Thundering Herds: The Scalability Killer
Source: Dev.to
What Is a Thundering Herd?
At its core, the Thundering Herd occurs when a large number of processes are waiting for an event, and when the event happens they all wake up at once—yet only one can actually handle the event.
The term originated in OS kernel scheduling, but modern web engineers most frequently encounter it as a Cache Stampede.
The Golden State
- You have a high‑traffic endpoint cached in Redis. Everything is fast.
- The Expiry: The cache TTL (time‑to‑live) hits zero.
- The Stampede: 5 000 concurrent users refresh the page. They all see a cache miss.
The Collapse
All 5 000 requests hit your database simultaneously to re‑generate the same data. Your database experiences a surge in load, latency skyrockets, and the service goes down.
Note: 5 000 is an arbitrary number.
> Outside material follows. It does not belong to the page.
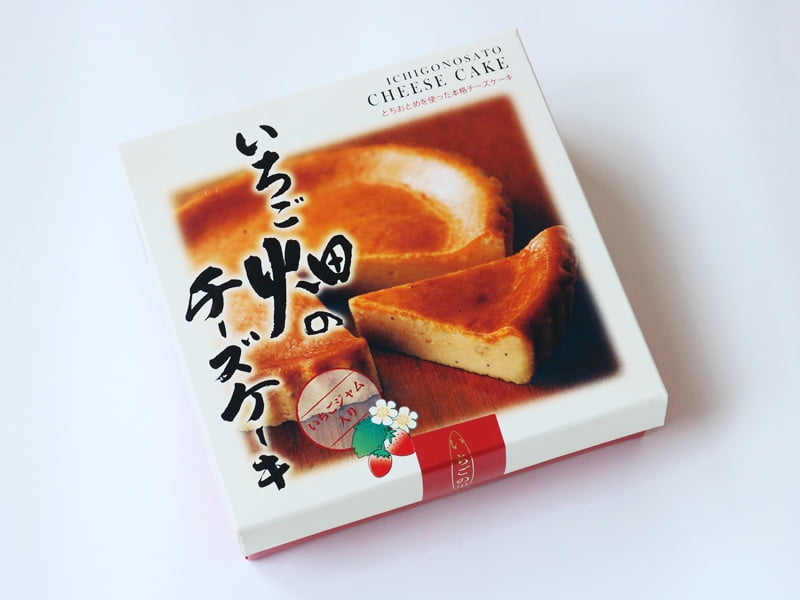 いちご畑のチーズケーキ　外装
The actual number depends on your system’s capacity.
Other Manifestations of the Herd
| Scenario | What Happens |
|---|---|
| Auth service outage | Primary Auth service goes down for 5 minutes. Every other service retries. When Auth comes back up, it is immediately hammered by a flood of retry requests → Retry Storm. |
| Shared access token | 50 microservices share a machine‑to‑machine JWT. The token expires at the exact same second, causing all services to “thunder” toward the Identity Provider for a new token. |
| Cron job at midnight | A heavy cleanup job is scheduled at 00 * * * * across 100 server nodes. At 12:00 AM all nodes hit the database or shared storage simultaneously. |
| Mobile app rollout | You deploy a new 500 MB mobile binary. You notify 1 million users to download it immediately. The first thousands of requests miss the CDN edge and hit the origin server at once, potentially melting your storage layer. |
Spotting the Herd
Look for these “herd signatures” in your monitoring dashboard:
- Correlation of Cache Misses and Latency – A sudden spike in cache‑miss rates that perfectly aligns with a surge in p99 database latency.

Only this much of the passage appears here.